In DP-3T any device must communicate with all of their neighbours, meaning that
authentication is impossible. Thus, a malicious party can inject their own
traffic and hence participate in any exchange.
Secondly, any application of public key cryptography would require a connection
between devices or multiple broadcasts (each broadcast is limited to only 11
bytes and the smallest public keys are around 32 bytes). In a crowded
environment there is substantial message loss from interference between
messages. It is unlikely that performing N^2 connections or exchanges between N
apps would function effectively, in contrast to N broadcasts in the current
protocol.
### P5: Why not use mixnets or other anonymous communication systems to query the server?
Our design uses a small amount of dummy messages to provide traffic analysis protection for uploads to the backend and epidemiologists with respect to network adversaries. The use of a mixnet, Tor or other anonymous system would in addition conceal the IP address of users submitting reports with respect to the backend.
We considered using an anonymous communication system. However, we decided against doing so for the following reasons:
1. Relying on any form of anonymous communication system increases the
complexity of the system. Both in terms of integrating anonymous
communication into the app, as well as the server infrastructure needed to
support tens of millions of apps. (Even Tor, the most widely deployed
anonymous communication network, would struggle under this load.)
2. All anonymous communication systems must trade anonymity, latency, and
bandwidth overhead. It is not clear what is the good choice in this
scenario.
3. We need to take the security properties of the anonymous communication
system into account in our analysis. E.g., should we protect against a
global passive adversary or not? How well does the system protect against
intersection attacks?
In future versions of the app, if an approppriate anonymous communication network appears, we may include the option of submitting data anonymously to the backend.
### P6: Why do infected people upload a seed (which enables recreating `EphIDs`) instead of their individual EphIDs ?
This is a choice that is made purely for performance reasons. It is much more
efficient to send a single 32 byte seed than sending all EphIDs generated during
the infectious period (e.g., 21 days). We are aware that this makes the EphIDs
of infected patients linkable during the infectious period.
For comparison, sending 21 days of EphIDs rotated every 15 minutes requires
sending 32kB per infected patient. Even when compressing these EphIDs in a
cuckoo filter, wed need around 8kB per infected patient. So smartphones would need
to download at least 2 orders of magnitude more (e.g., for 30k infected a day:
from around 1 MB to 230 MB per day).
We are working on alternatives, and explored: sending all generated EphIDs in a
cuckoo filter, using a hierarchical structure (keys per day, keys per 4 hours
etc.) so that users can do a more granular release, and smaller-region versions
of those (e.g., work per state rather than country to lower communication cost).

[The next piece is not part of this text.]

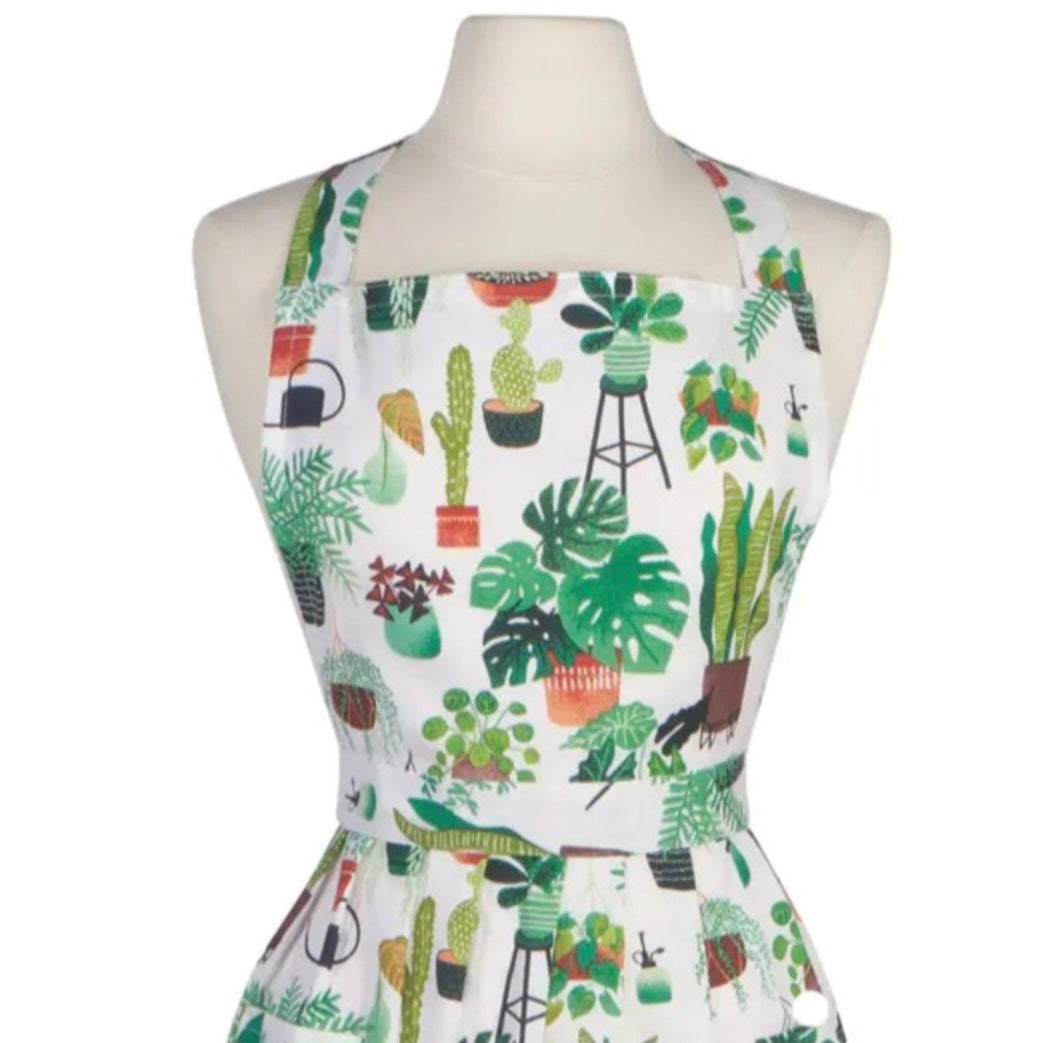 Let It Grow Houseplants Apron /  100% Cotton Kitchen Apron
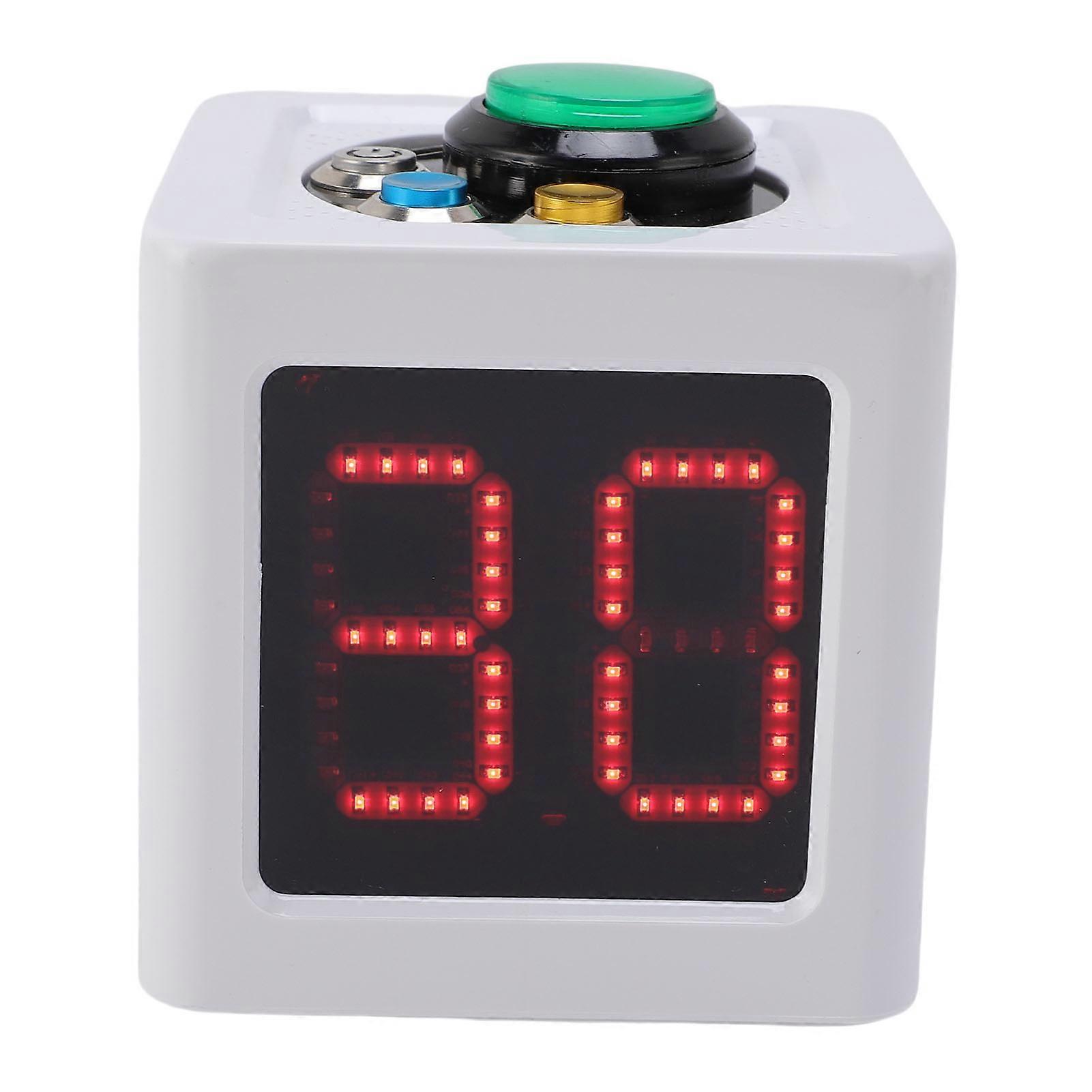 4 Sides Cube Timer Batteries Operated Accurate Seconds Countdown Timer for Chess Poker Race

All of these have downsides, either in computation, bandwidth or
interoperability/leakage cost. Were trying to find a good middle ground. If you
have an idea that we did not yet list, please do reach out to us!

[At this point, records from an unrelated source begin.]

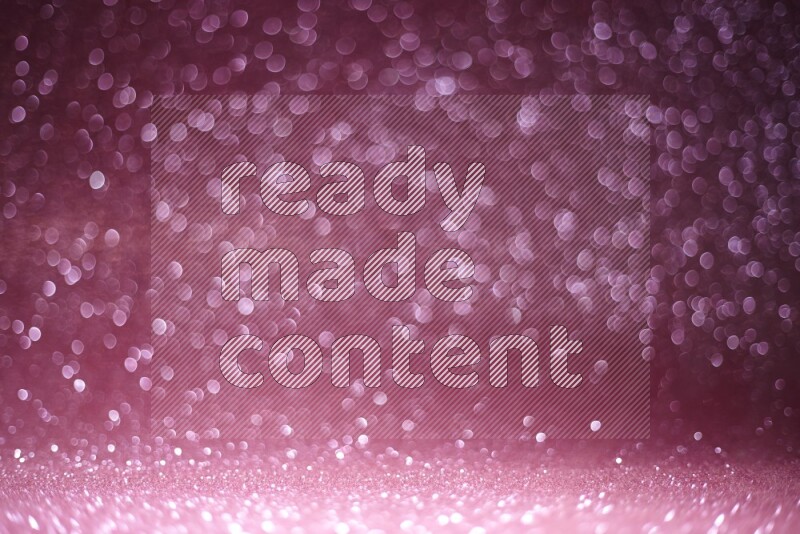 Pink glittery bokeh background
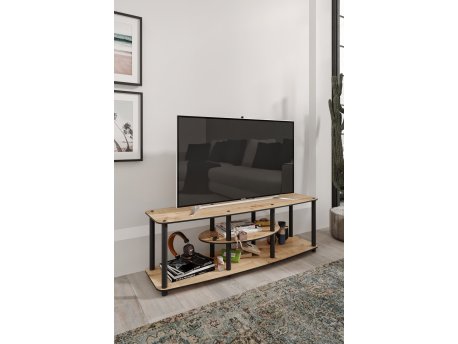 HANAH HOME TV polica Mesivo Oak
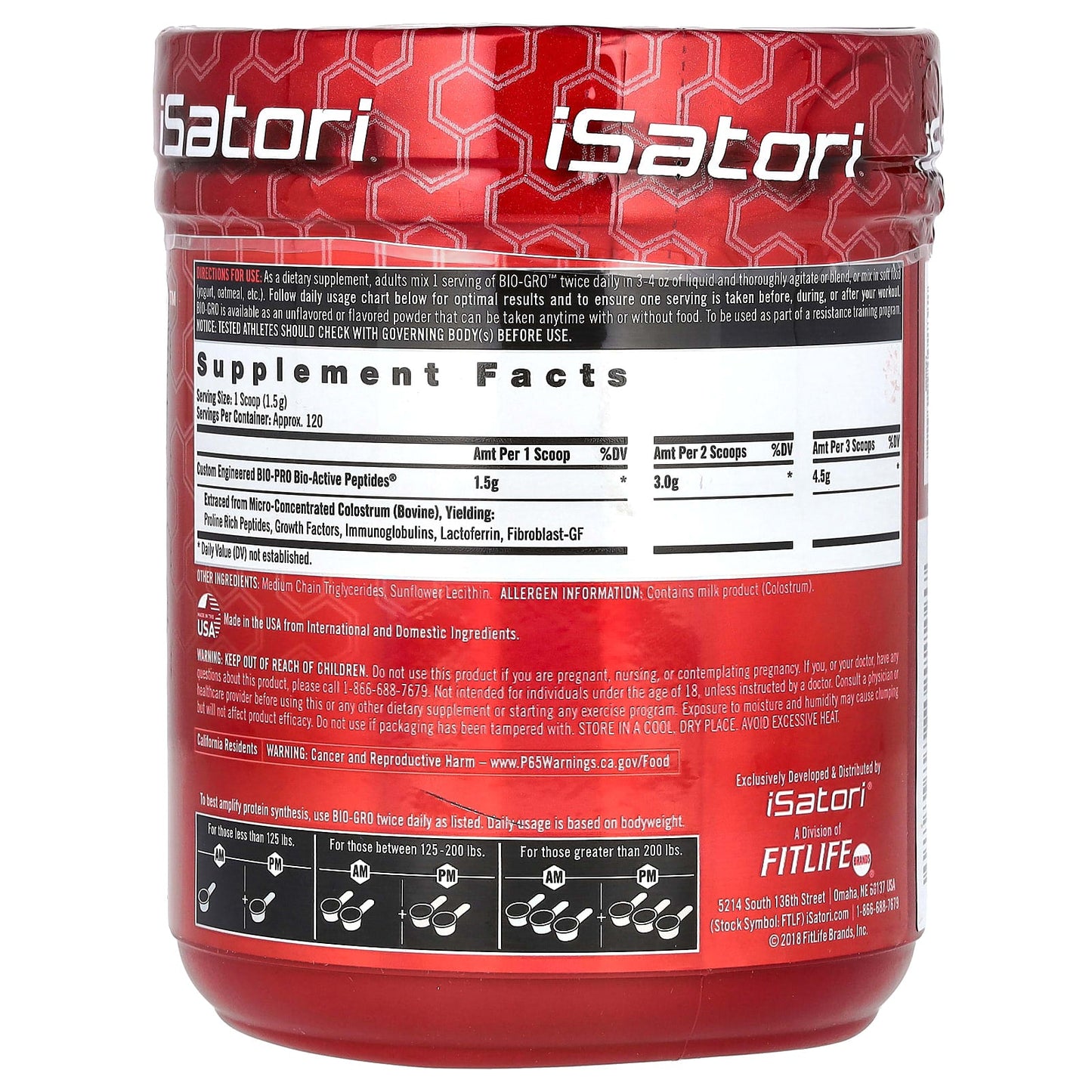 Accelerate Muscle Recovery and Growth with Isatori Bio-Gro - Image 2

### P7: Why do you call your design "decentralized" while having a backend?
We call our design decentralized because there is not central point of trust for
security and privacy. All critical operations: creating EphIDs and matching
observations are done locally in each phone. The backend server is only needed
to ensure availability. However, it does not maintain any secrets. Attackers do
not gain anything by compromising the backend. All privacy-sensitive information
is decentralized, and stored on individuals phones.